Tricky driving conditions as snow returns to Wales

Snow in Wrexham town centre on Friday, 0845 GMT
Image caption Snow in Wrexham town centre on Friday, 0845 GMT

There are some difficult driving conditions in parts of Wales on Friday after snow made an anticipated short-lived return in parts of Wales.

About two inches of snow has fallen in Denbighshire, Flintshire and Wrexham.

Earlier heavy snow showers fell around the heads of the Valleys, Powys and parts of Monmouthshire.

More than 30 schools in Powys, parts of the south Wales valleys and north Wales have been closed.

Sub-zero temperatures were also reported overnight in parts of Powys and Denbighshire.

A band of sleet and snow was pushing up from south Wales after midnight but should give way to heavy rain after midday.

Flooding risk

Forecasters have warned the rain coupled with a thaw of the recent snowfall could lead to localised flooding.

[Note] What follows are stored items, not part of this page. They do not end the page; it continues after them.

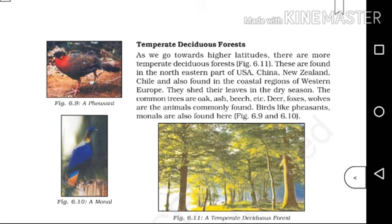Deer, foxes, and wolves are the animals commonly found here. Birds like pheasants and monals are also found in this temperate deciduous forest.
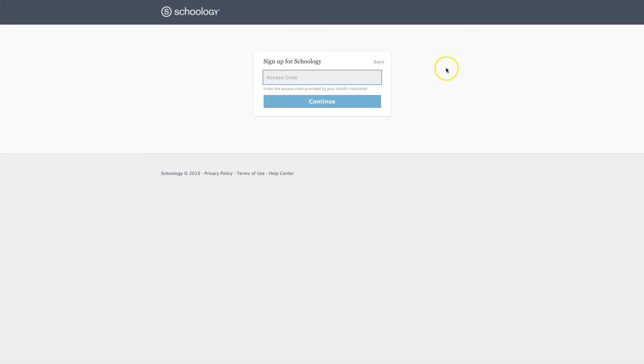Either type in the access code or paste it and select Continue.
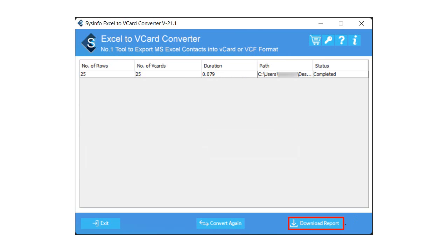You can also tap the Download Report button to save the log report of migration, or start the conversion again by clicking on the Convert Again button. Finally, click Exit to quit the software.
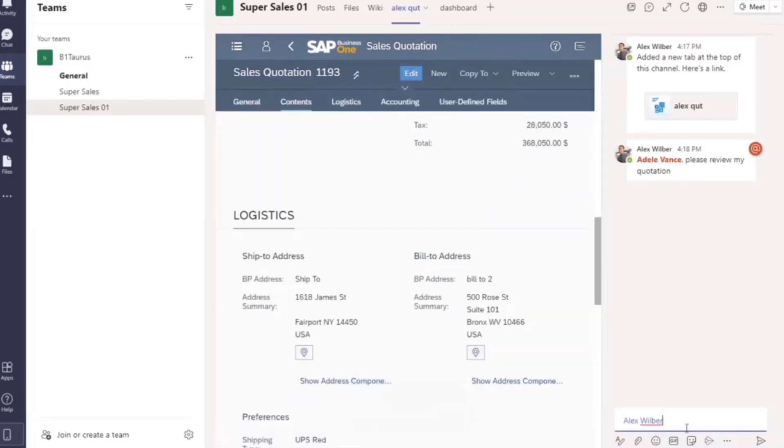I'll reply to Alex about my decision. Alex, I updated the discount. Please go ahead.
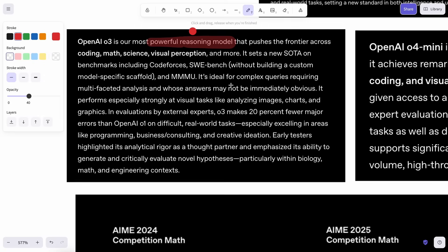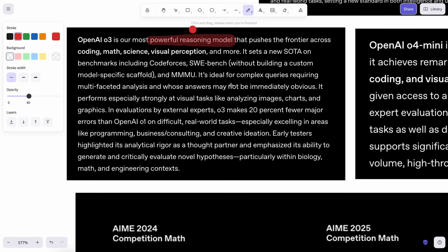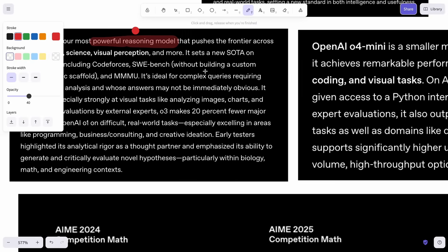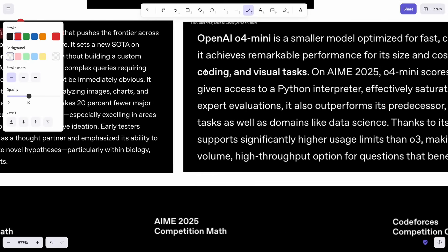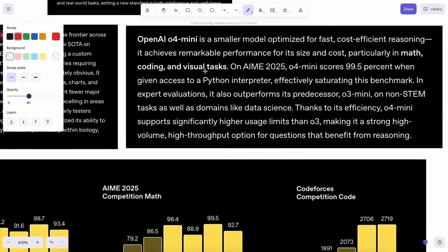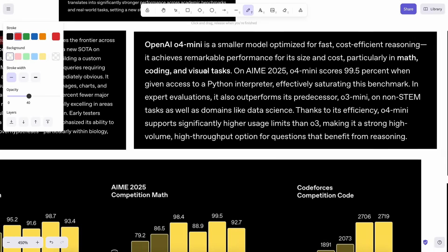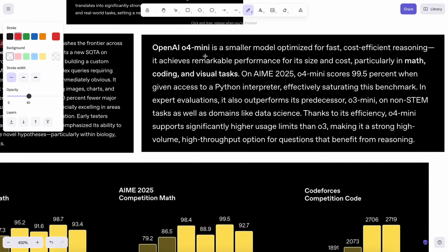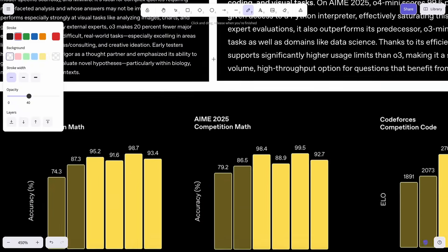Both the O3 and O4 mini models have been specifically trained for tool calling as well. In ChatGPT, they can use multiple tools like image generation, Python interpretation, and other stuff, which is great. If we talk about the models themselves, both of them are multimodal and can also do reasoning, obviously.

But the weather will clear on Saturday, with warmer temperatures.

Some schools confirmed closures on Friday morning, in Powys, Blaenau Gwent, Monmouthshire, Merthyr, Torfaen, Wrexham, Conwy, Denbighshire and Flintshire.

The Met Office had warned of between 8 and 12cm (3-5in) in some areas, with snow heaviest in Powys and north of the M4.

On Friday morning people in Wrexham, Llangattock, near Crickhowell, and Gilewen and Abergavenny, Monmouthshire, reported that it was snowing heavily.

The Llangynidr mountain road between Crickhowell and Garnlydan had a thick layer of snow and was being used only by 4x4s.

The A525 in the Coedpoeth area of Wrexham was closed due an accident and the snowy weather conditions, with diversions in place

The A465 heads of valleys road between Hirwaun and Glynneath was also experiencing difficult driving conditions.

Heavy snow was also reported in Llangollen, Denbighshire, Llandrindod Wells, Powys, Caerphilly, Blaenffos, Pembrokeshire and Usk in Monmouthshire.

Snow was also causing problems on the B4333 and B4299 between Carmarthen and Newcastle Emlyn.

BBC Wales weather forecaster Derek Brockway said: "We're watching a deep area of low pressure currently out over the Atlantic but the worst of the snow should be over by midday.

"It will then be followed by heavy rain washing away any snow but the showers, coupled with the recent thaw, could lead to localised flooding."

Heavy rain showers are expected to spread across the country throughout the afternoon with more expected at midnight on Friday.

However, Saturday presents a different picture, with much drier and brighter conditions and warmer temperatures.